Ellos, siguiendo la doctrina de Eutiques, proclaman desde hace mucho tiempo la unicidad de naturaleza de Jesús, el Cristo: la naturaleza humana fue absorbida por la divina en el momento de la Encarnación, de modo que Jesucristo no es ya ni hombre ni Dios, sino, sin ánimo de ridiculizar (ni mucho menos en los tiempos que corren), un simbionte.

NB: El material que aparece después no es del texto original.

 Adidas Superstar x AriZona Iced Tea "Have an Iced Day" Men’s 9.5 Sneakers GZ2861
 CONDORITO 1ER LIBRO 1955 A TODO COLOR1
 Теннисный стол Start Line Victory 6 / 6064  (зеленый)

Pero nos une la cristiandad. Y nos une a ellos aún más en los últimos tiempos la victoria de la sangre sobre la espada, la felicidad del martirio. Más allá de los recientes (relativamente) acercamientos de la catolicidad ortodoxa, con el documento del Concilio Vaticano II “Unitatis Redintegratio” primero y con la firma papal en el titulado “Dominus Iesus” después, los fieles debemos venerarlos, a título particular hasta que fueren canonizados por la Sede Apostólica, como santos mártires de la fe cristiana, al tiempo que como confesores a las víctimas supervivientes del conflicto egipcio que lleva más de un lustro en renovada efervescencia. Aún más ardiente desde el nacimiento de ISIS.

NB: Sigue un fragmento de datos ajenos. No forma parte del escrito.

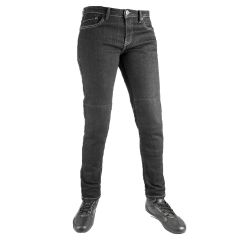 Oxford Original Approved Ladies Slim Fit Riding Denim Jeans Black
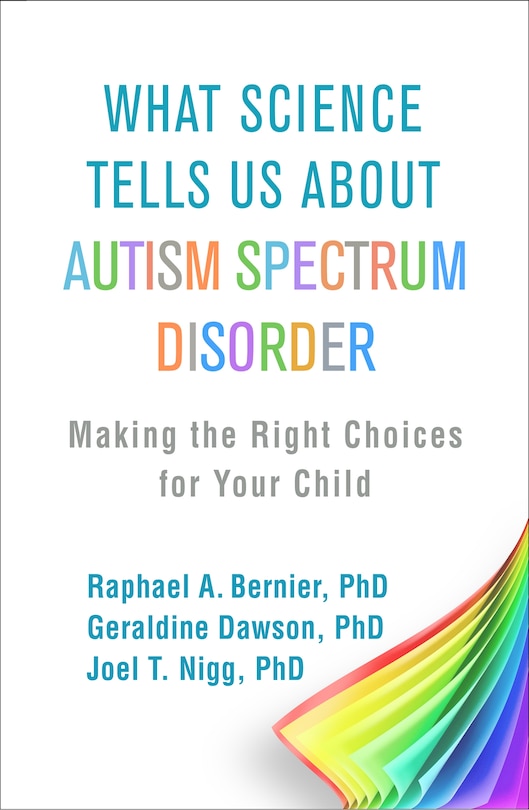 Couverture_What Science Tells Us About Autism Spectrum Disorder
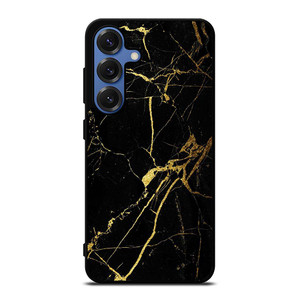 MARBLE GOLD PATTERN Samsung Galaxy S25 Case Cover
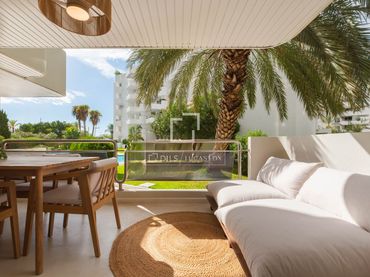 Wohnung mit Balkon zum Verkauf in Marina Botafoc - Platja de Talamanca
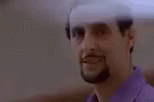 Jesus Big Lebowski Zoom In Flying Kiss GIF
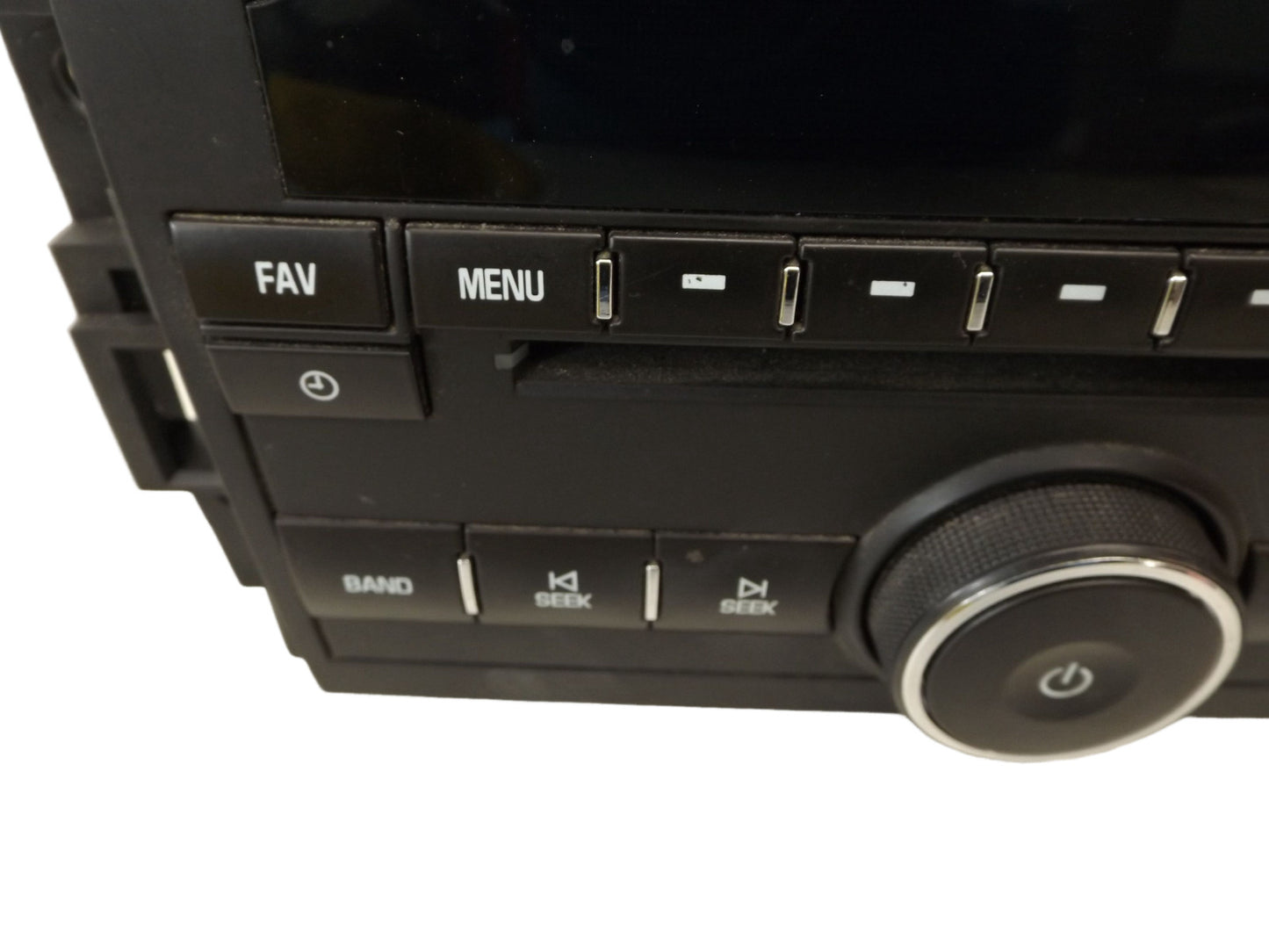 20935116 2009-2012 Chevrolet Traverse Radio Control Unit Used 20935116 OEM
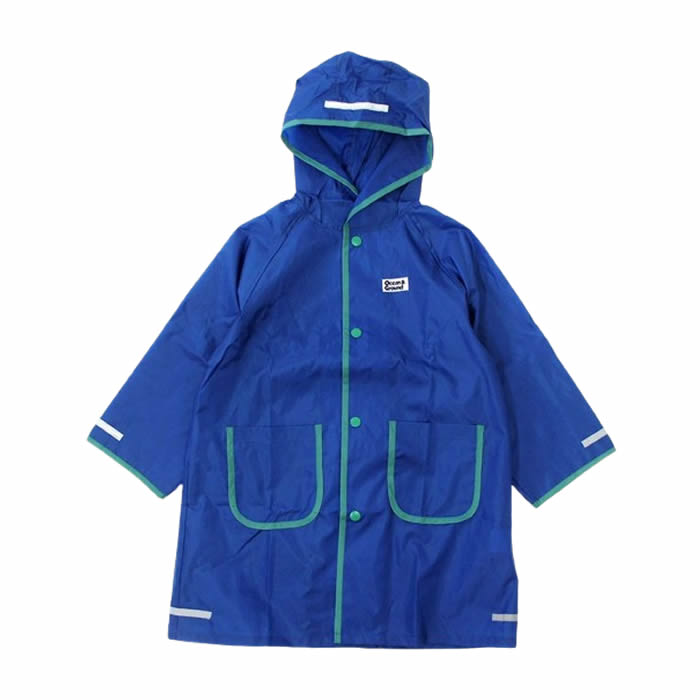 OCEAN&GROUND Piping Raincoat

No es que los coptos, fieles soldados de Cristo, a menudo mucho más que los que nos llamamos cristianos ortodoxos católicos romanos, repudien el sufrimiento o teman la muerte: todo cristiano merecedor de tan digno sobrenombre debe, en aquella religión, ser marcado en la carne como por el Bautismo ha sido marcado en el espíritu; con honesto orgullo y noble filiación, todo copto debe llevar en su muñeca la señal de la victoria de Cristo sobre la muerte, de su Dios amado sobre la tiniebla del pecado. Y es la muñeca el lugar designado para asegurarse el fiel que jamás esconderá, frente a adversidad ninguna, la condición que lo ensalza sobre quien no conoce, predica y ama a Jesucristo. Es difícil ocultar de la visión de terceros un tatuaje en la mano.

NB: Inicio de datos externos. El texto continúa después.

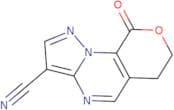 13-Oxo-12-oxa-2,3,7-triazatricyclo[7.4.0.0,2,6]trideca-1(9),3,5,7-tetraene-5-carbonitrile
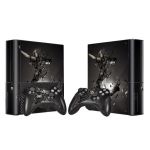 Xbox360 E Vinyl Decor Decal Protetive Skin Sticker for Console, Controllers Decal#0550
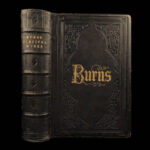 1874 EXQUISITE Robert Burns Scottish Poetry Auld Tam Scotland Cunningham ART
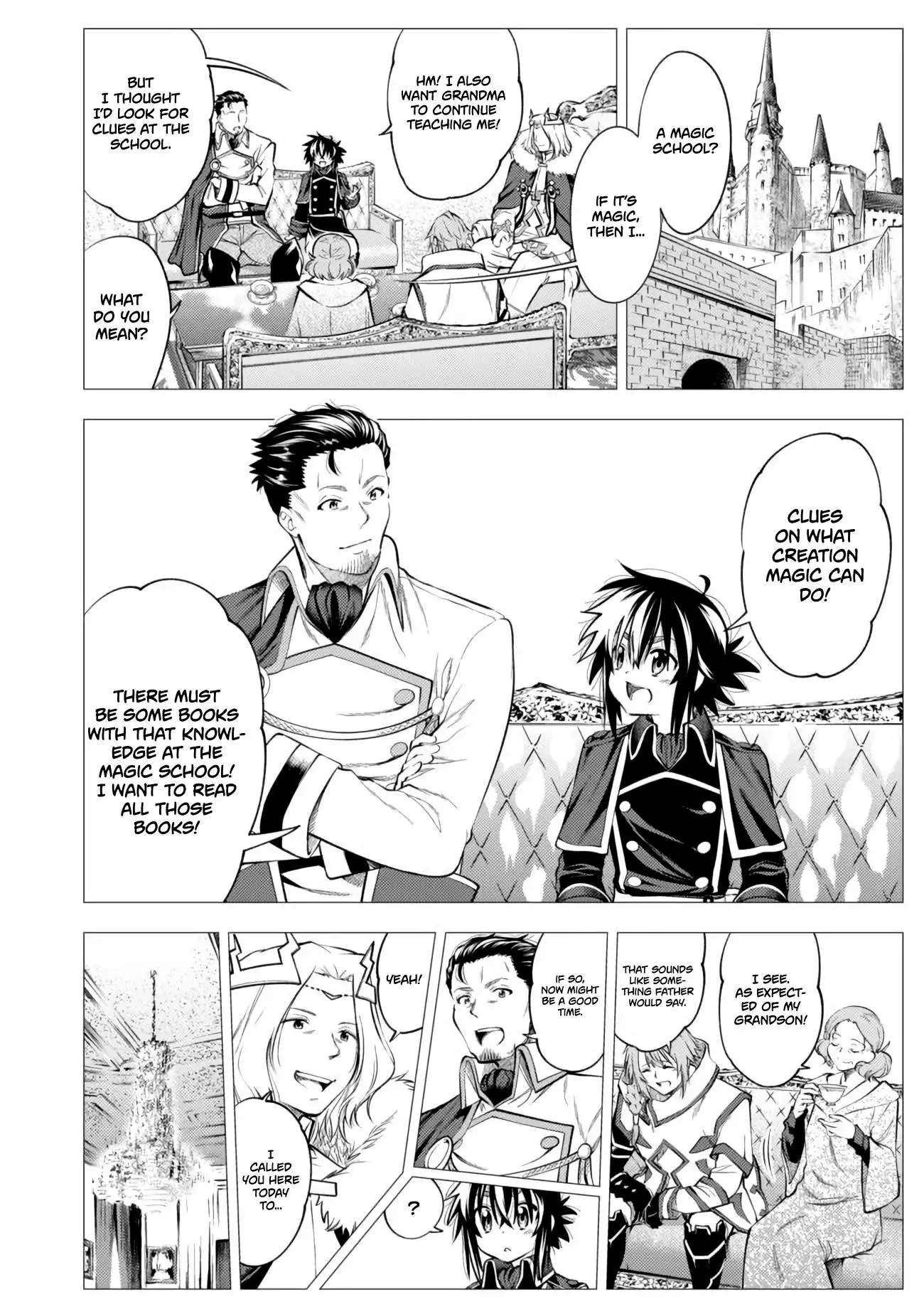 Keizoku wa Maryoku Nari Chapter 11 3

Es cierto que muy lejos están los hermanos coptos del buenismo que a veces nos invade a los católicos remilgados: muy seriamente se toman su fe, como venimos viendo al través de los medios, y muy seriamente se toman el designio evangélico de “ofrecer la otra mejilla“, abandonando el Talión judío, pero no interpretan el precepto de modo absoluto como muchas veces lo hacemos en Occidente y enarbolan en mano derecha, vigoroso, el escudo, que muchas veces ha de ser mandoble, de la legítima defensa: el cristiano tiene la doble obligación, por moral y por religión, de defender a ultranza la propia vida frente a los ataques graves, inminentes e inevitables de terceros, aún con mayor razón si el objeto de la defensa es el prójimo.
De salir al paso del agresor con escudo suficiente, como hiciera M. Kolbe, mártir de la caridad, en aquél campo de concentración nazi, pero si no lo fuere, de atacar primero, con la exclusiva finalidad de protección, con el hierro necesario para repeler la agresión. Y así lo hicieron ellos durante mucho tiempo en su tierra natal egipcia, a la que llegaron muchos años antes de que las huestes mahometanas pretendieran su conversión forzosa o su degüello en caso de negación.
Y así ha decidido esta semana NPU (Unidades de Protección para la Defensa de Nínive). Frente a un inexcusable vacío institucional a nivel internacional que acuda en defensa de los inocentes atacados, que además según el Derecho Internacional ostentan indudablemente la condición de refugiados, y cumpliendo rigurosamente las condiciones que la Iglesia Católica establece para legitimar una guerra como justa, se ha recultado un ejército, de momento de 4.000 voluntarios, cristianos de todo el mundo y de todas las confesiones religiosas (destacando las nacionalidades estadounidense y australiana), para salir en defensa de los hermanos perseguidos. No es violencia, sino defensa frente a ella.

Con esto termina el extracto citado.